Some stores have tried to lessen the pain for those die-hard plastic baggers. Here on the Central Coast, the local Walmart gave away little blue recycled bags the week before. Target reportedly did the same, while also offering a five-cent discount per reusable bag brought in by shoppers. Of course, Trader Joe’s customers are used to the idea, with many already in the habit of bringing their own bags or using the paper bags provided at check-out.

Most shoppers come prepared with their stack of reusable bags. Some are willing to buy the 10-cent paper bags available at the registers. It’s not uncommon to see people unload their unbagged items directly from the shopping cart to the trunks of their cars. Owners of vehicles without trunks often travel with a cardboard box for items they want to contain, such as glass bottles and other breakables. Small towels tucked in between make good cushions for the trip home.

One particularly inventive—and unabashed—shopper brought a small red wagon into the store. The image of him driving home, lifting the wagon out of his vehicle and wheeling it into the house is inspiring. No bags, no shopping cart, no transfer of goods from cart to car. It could be a family affair; maybe he has an entrepreneurial child who rents him the wagon for a nominal fee.

The new law has only a few folks grumbling about the inconvenience. For instance, there are those who forget their bags in the car or haven’t quite gotten the hang of judging the number of bags they’ll need per shopping trip. An easy remedy is not bagging larger items, like detergent, cartons of milk and multi-pack toilet paper. In many cases, quick stops for one or two items don’t require the use of a bag at all. One exception: it is still illegal to carry liquor out of a store without a bag.

All in all, it seems everyone is adjusting nicely to the plastic bag ban. Everyone except the plastic bag manufacturers, who are doing more than grumbling. Some have even begun filing lawsuits. It’s not like they didn’t see it coming. Non-biodegradable plastic bags have been littering our highways and plugging up water drains for a long time. Not to mention the harmful effects when ingested by animals. Plastic bag makers might do well to turn to another product, preferably one that doesn’t require petroleum to produce it.

A few ideas come to mind for those companies in search of a new market. How about biodegradable bags for those of us who need to pick up after our dogs during our daily walks? And while we’ve done a lot to reduce our weekly garbage, such as recycling and precycling (buying goods with less packaging) , we’ll still need something to use as trash can liners both inside the house and out at the curb.

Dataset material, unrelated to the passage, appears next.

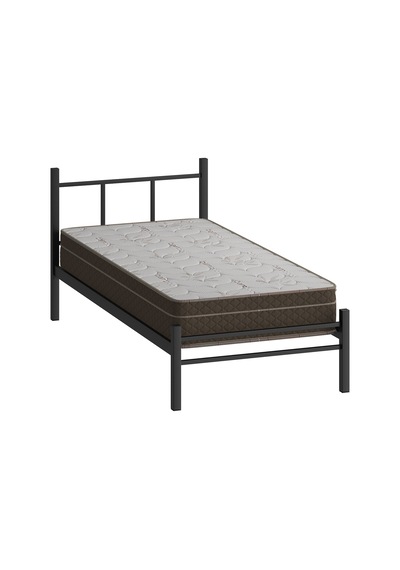 Mobpazar 616072 Metal Karyola + Basic Full Ortopedik Yatak 90 x 190 CM  Siyah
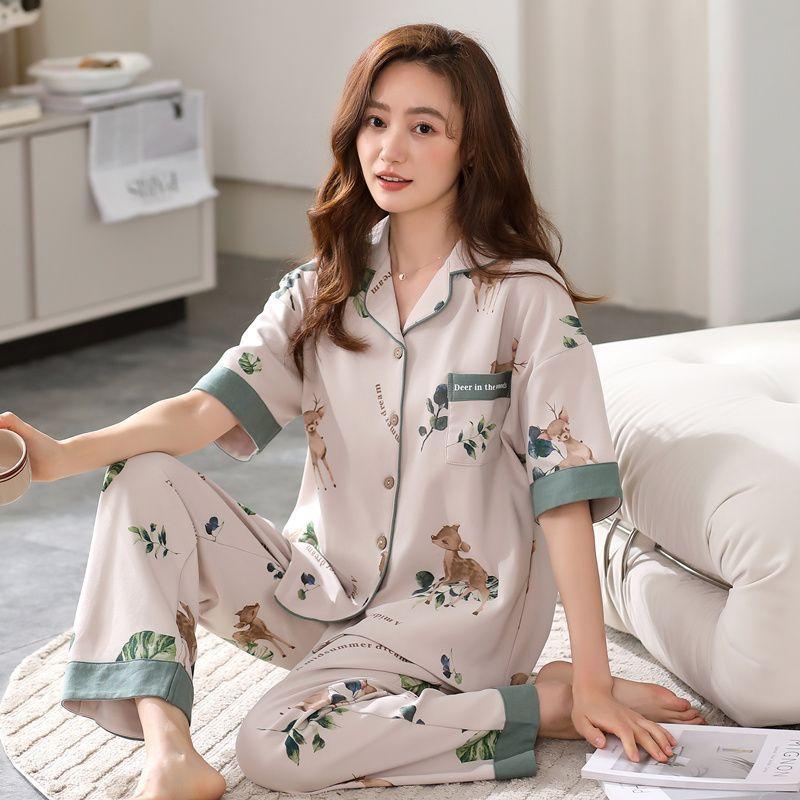 Pajamas women's summer cotton short-sleeved trousers cardigan sweet high-value loungewear set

It’s great to see people on board with eco-wise efforts like curtailing the use of plastic bags in favor of canvas and paper. As for our cats, they’ll just have to be happy playing with a ball of yarn.

About the author

Diane Smith

Diane Smith credits the turmoil of the '60s and hormones with curing a childhood shyness, the only residual being some embarrassing poetry. In addition to having fostered a lifelong free-floating anxiety, she raised various children and animals, while working as a teacher. She has published several articles and won first place in short story in the 2011 Lillian Dean Writing Competition.

Diane is married, with grown kids who are currently spread out over the three states that make up the west coast, naturally causing her some concern. After a long career in education, she retired to the Central Coast to continue writing. Her fervent wish is not to float away when an earthquake causes California to break off from the rest of the country. After all, she has her poodle to think about.